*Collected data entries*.
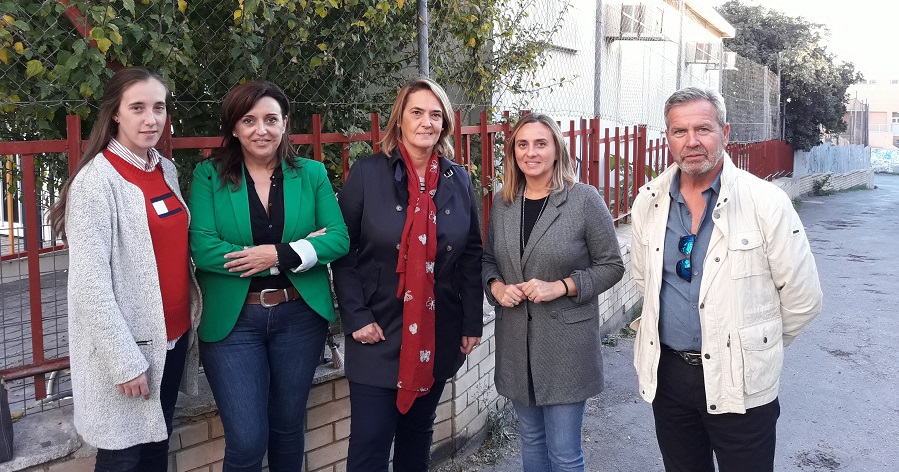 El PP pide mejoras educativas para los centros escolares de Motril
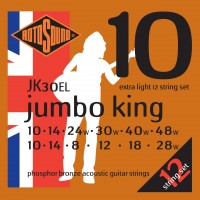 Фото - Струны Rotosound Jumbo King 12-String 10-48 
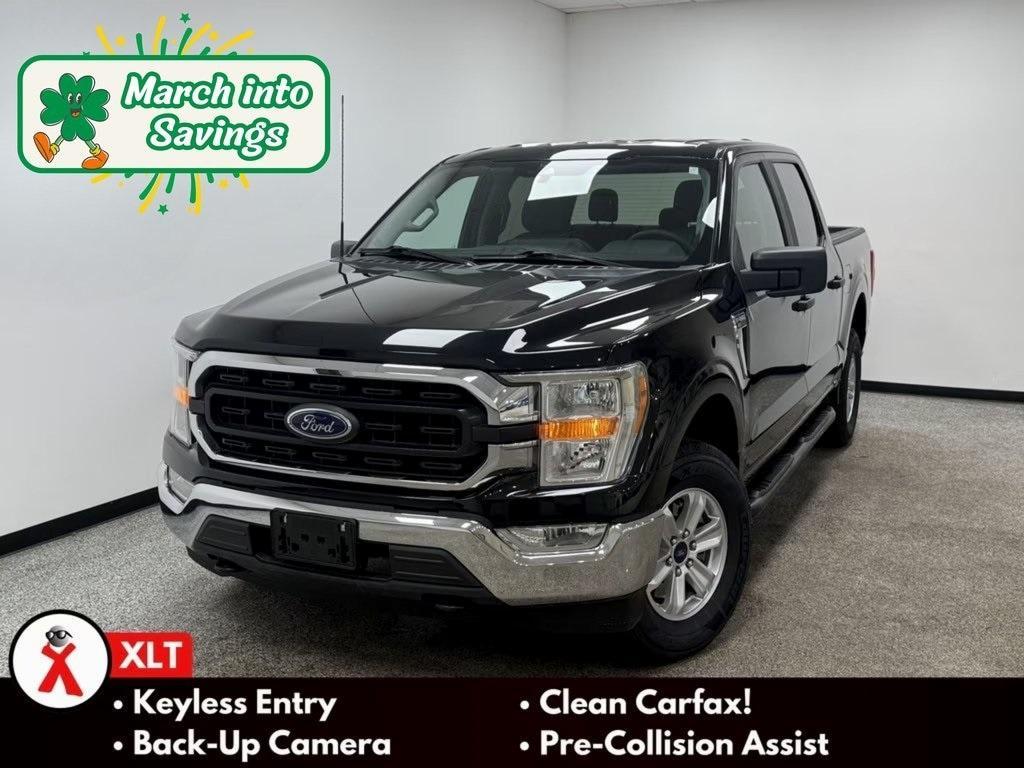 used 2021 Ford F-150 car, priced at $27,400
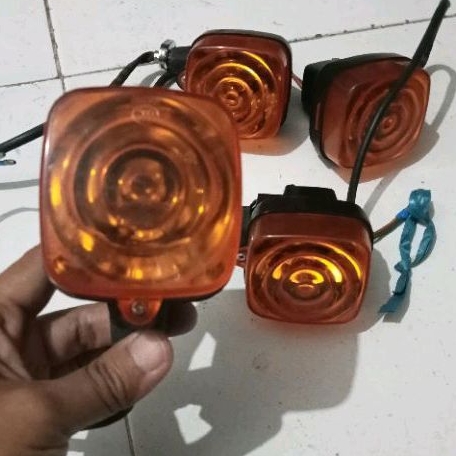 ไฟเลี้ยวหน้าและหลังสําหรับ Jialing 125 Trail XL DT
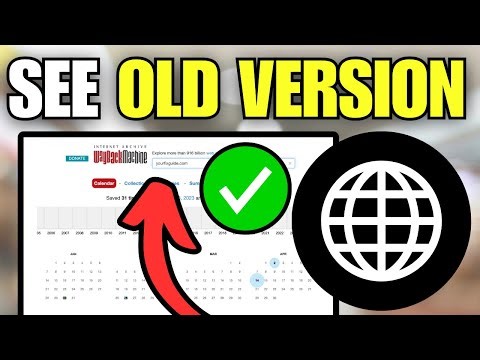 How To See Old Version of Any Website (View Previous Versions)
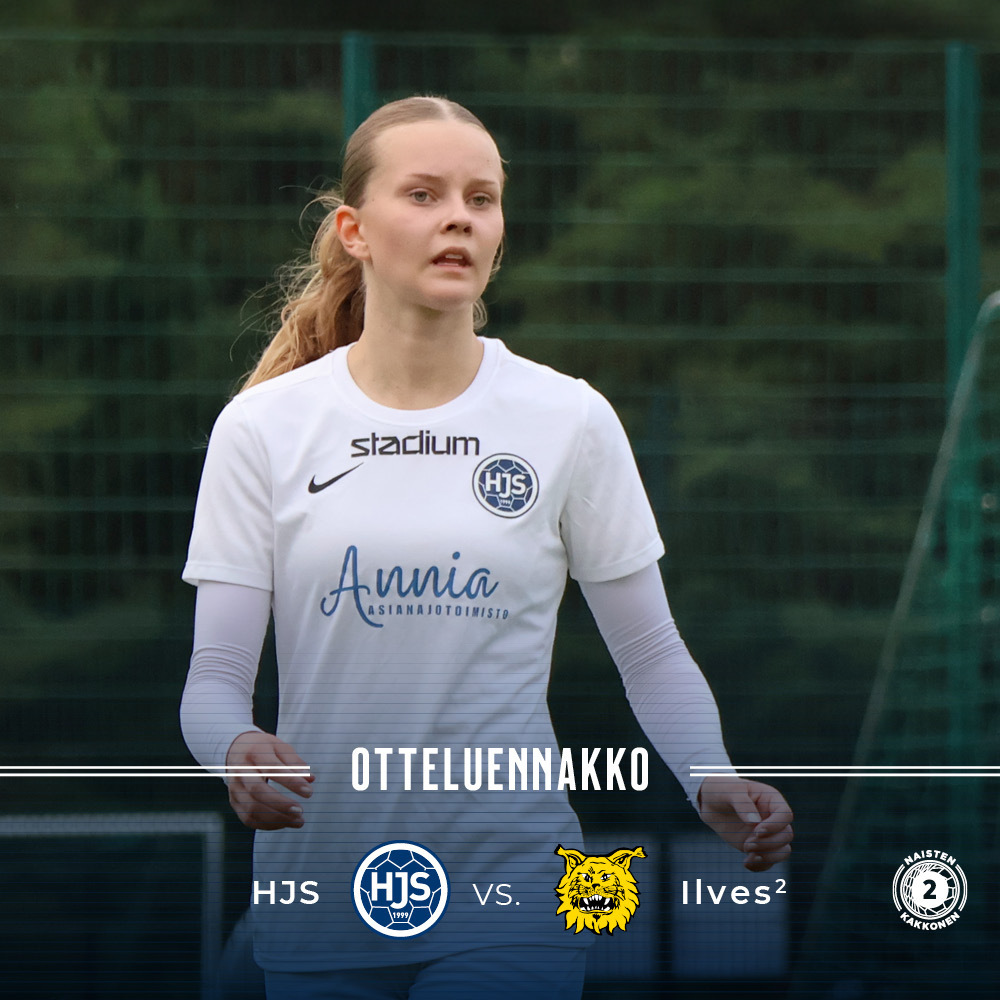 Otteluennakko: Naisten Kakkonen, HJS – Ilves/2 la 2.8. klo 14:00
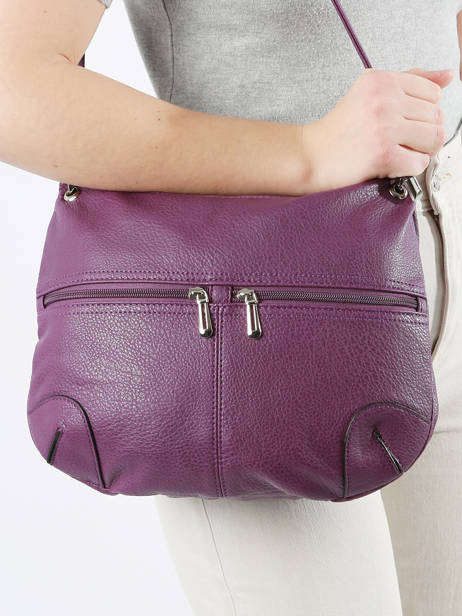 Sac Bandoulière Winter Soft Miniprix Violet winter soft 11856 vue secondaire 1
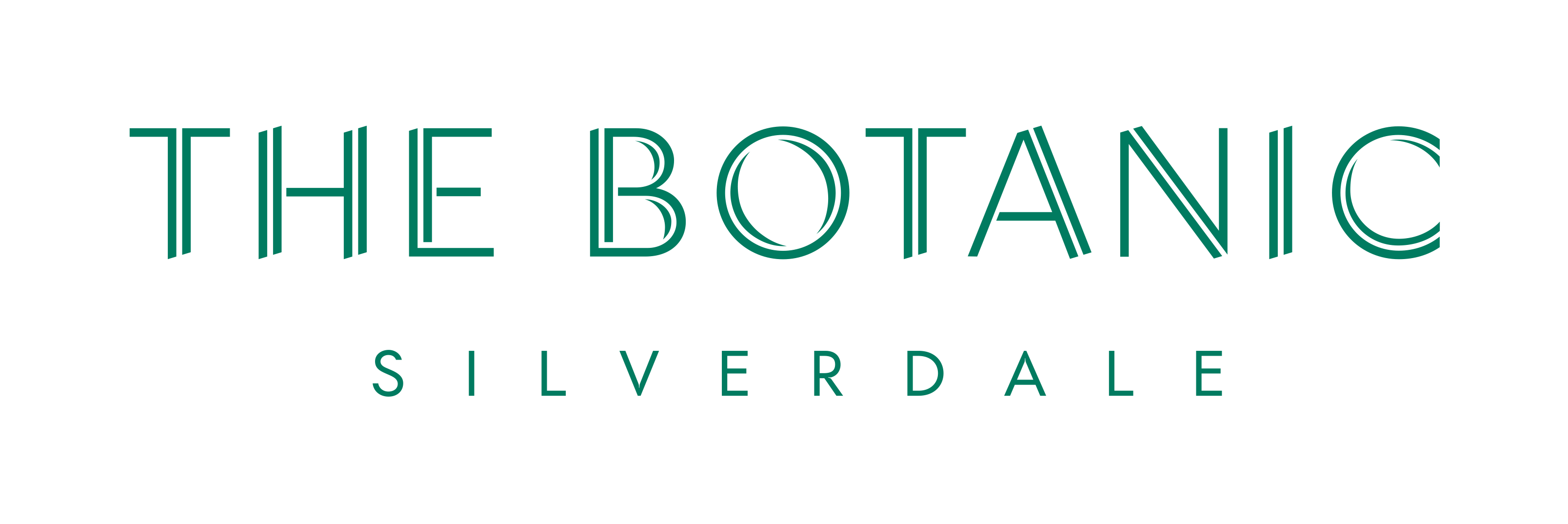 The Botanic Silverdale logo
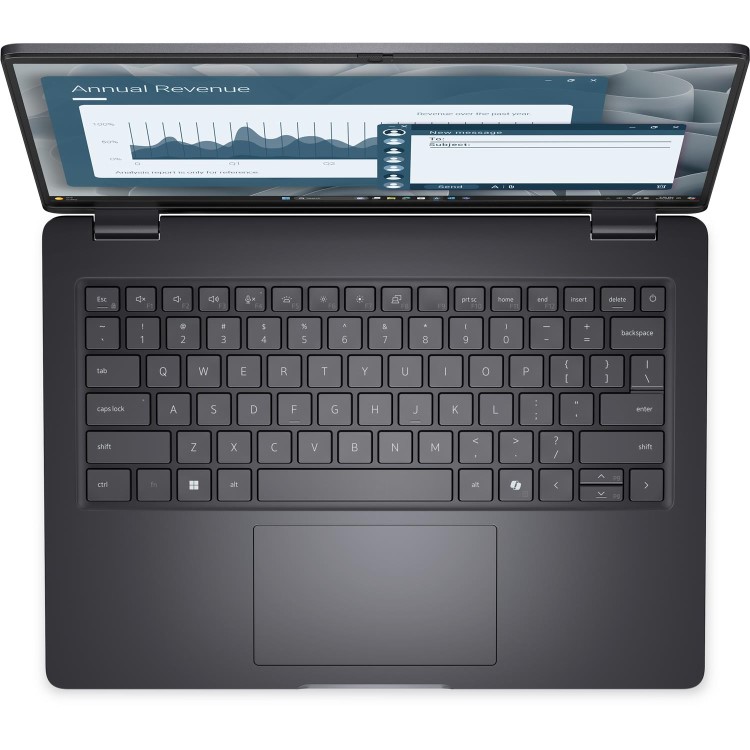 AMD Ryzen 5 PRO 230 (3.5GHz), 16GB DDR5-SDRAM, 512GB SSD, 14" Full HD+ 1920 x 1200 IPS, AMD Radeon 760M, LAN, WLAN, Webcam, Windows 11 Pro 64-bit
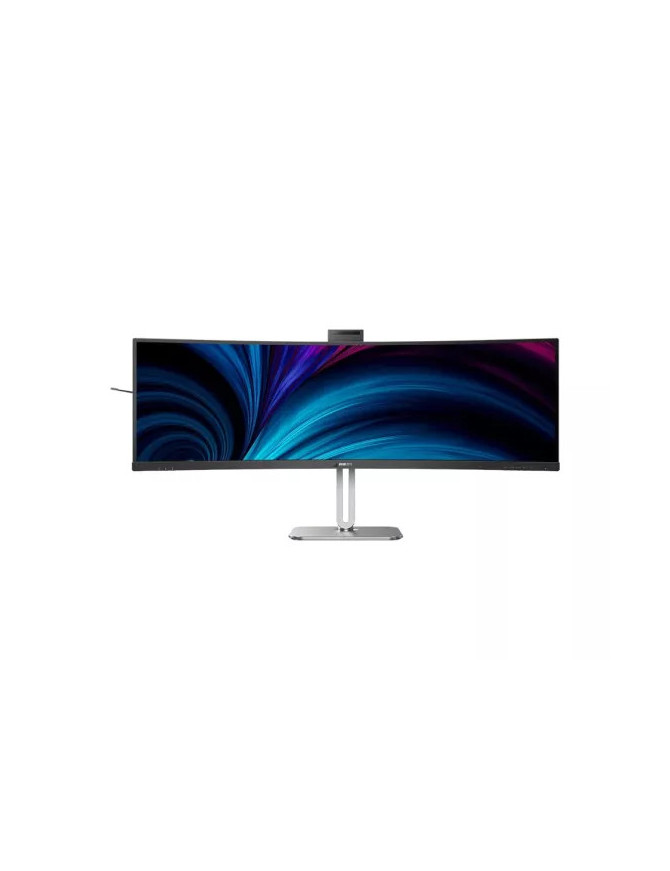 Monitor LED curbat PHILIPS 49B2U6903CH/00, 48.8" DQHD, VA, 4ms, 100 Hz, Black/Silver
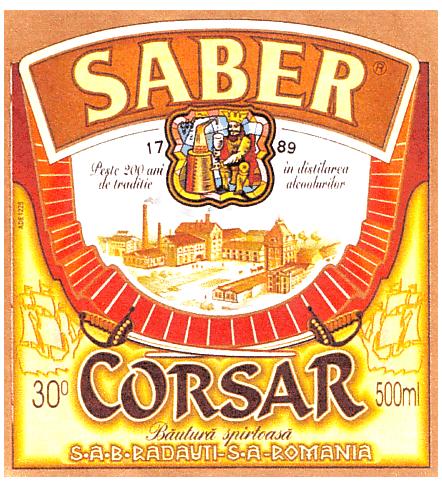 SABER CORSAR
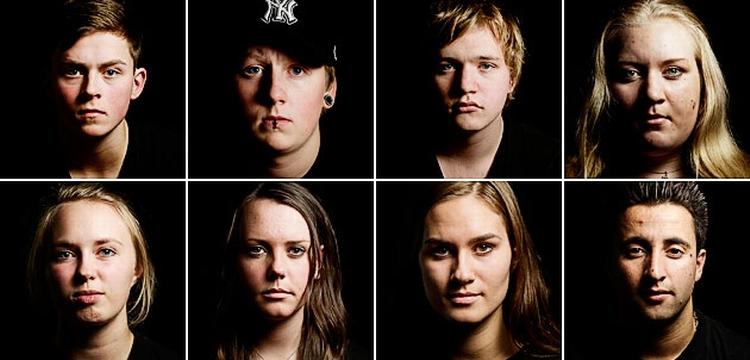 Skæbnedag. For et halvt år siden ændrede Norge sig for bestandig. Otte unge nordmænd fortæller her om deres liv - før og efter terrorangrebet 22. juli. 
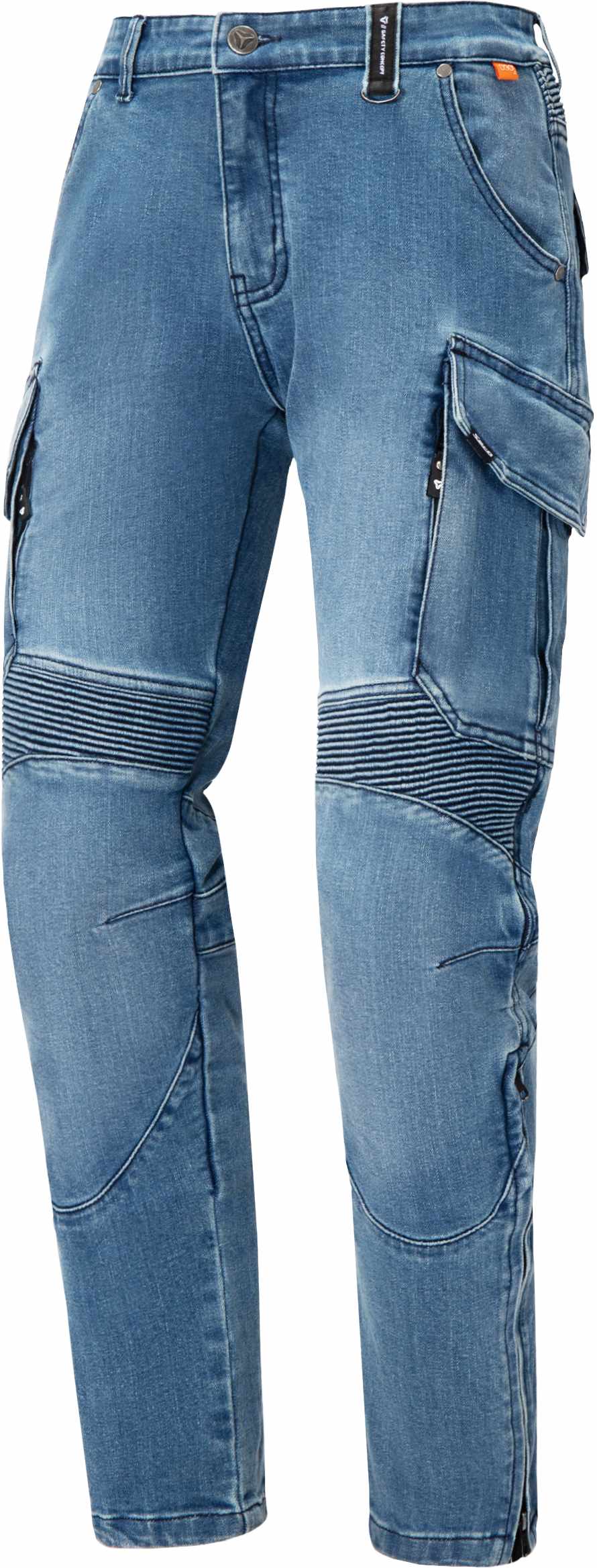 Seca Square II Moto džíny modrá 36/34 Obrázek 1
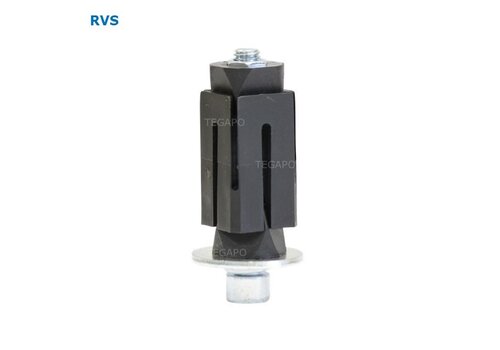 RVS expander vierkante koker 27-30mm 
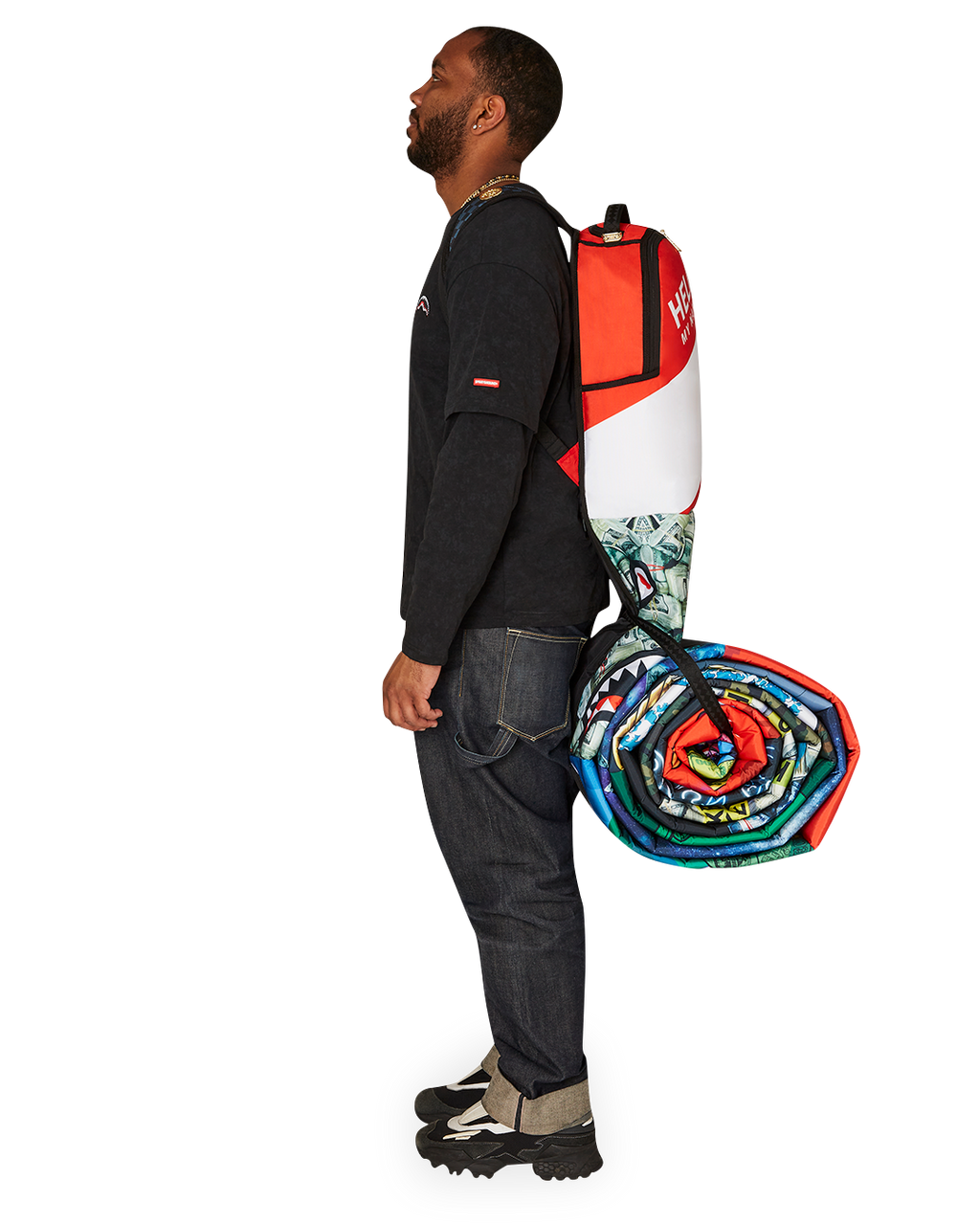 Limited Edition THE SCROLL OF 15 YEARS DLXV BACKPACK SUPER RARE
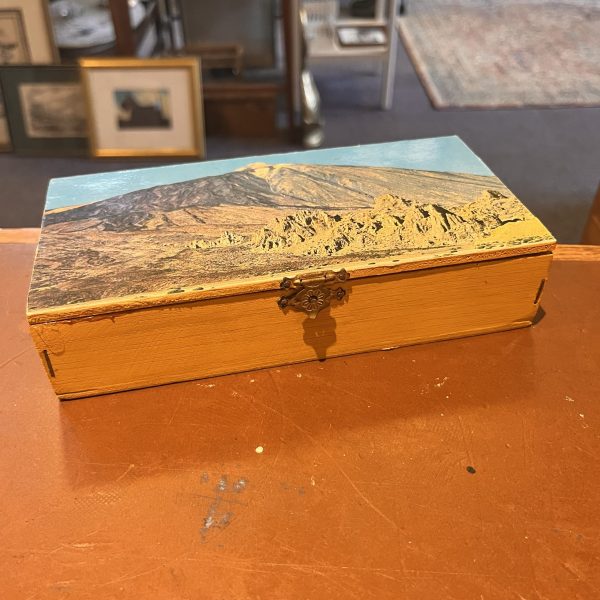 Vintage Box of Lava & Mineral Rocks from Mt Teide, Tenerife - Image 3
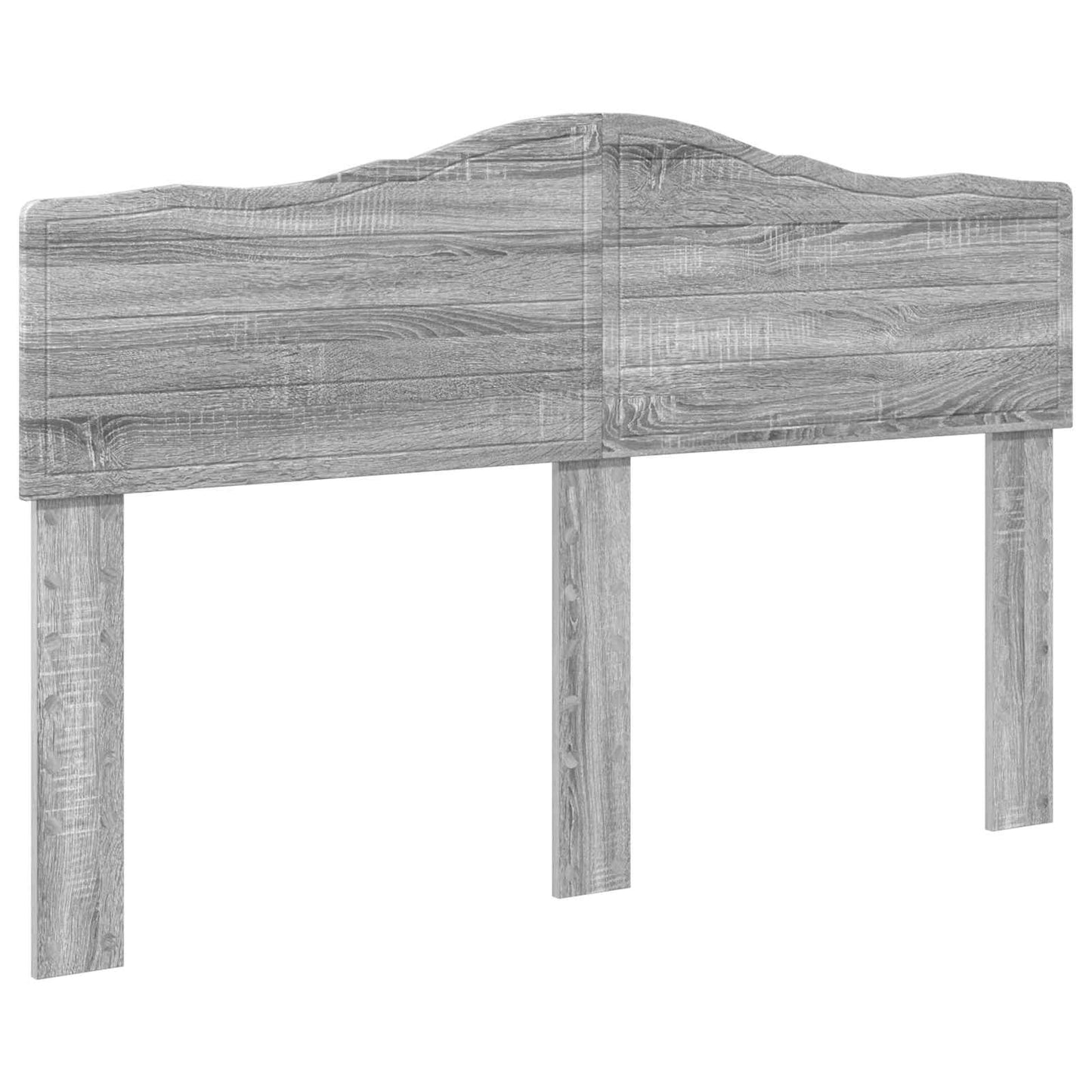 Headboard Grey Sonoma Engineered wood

*Problem requirements*.
From the first line above to the last, reproduce the records exactly but without the pictures.

*Answer to the problem*.
 El PP pide mejoras educativas para los centros escolares de Motril
 Фото - Струны Rotosound Jumbo King 12-String 10-48 
 used 2021 Ford F-150 car, priced at $27,400
 ไฟเลี้ยวหน้าและหลังสําหรับ Jialing 125 Trail XL DT
 How To See Old Version of Any Website (View Previous Versions)
 Otteluennakko: Naisten Kakkonen, HJS – Ilves/2 la 2.8. klo 14:00
 Sac Bandoulière Winter Soft Miniprix Violet winter soft 11856 vue secondaire 1
 The Botanic Silverdale logo
 AMD Ryzen 5 PRO 230 (3.5GHz), 16GB DDR5-SDRAM, 512GB SSD, 14" Full HD+ 1920 x 1200 IPS, AMD Radeon 760M, LAN, WLAN, Webcam, Windows 11 Pro 64-bit
 Monitor LED curbat PHILIPS 49B2U6903CH/00, 48.8" DQHD, VA, 4ms, 100 Hz, Black/Silver
 SABER CORSAR
 Skæbnedag. For et halvt år siden ændrede Norge sig for bestandig. Otte unge nordmænd fortæller her om deres liv - før og efter terrorangrebet 22. juli. 
 Seca Square II Moto džíny modrá 36/34 Obrázek 1
 RVS expander vierkante koker 27-30mm 
 Limited Edition THE SCROLL OF 15 YEARS DLXV BACKPACK SUPER RARE
 Vintage Box of Lava & Mineral Rocks from Mt Teide, Tenerife - Image 3
 Headboard Grey Sonoma Engineered wood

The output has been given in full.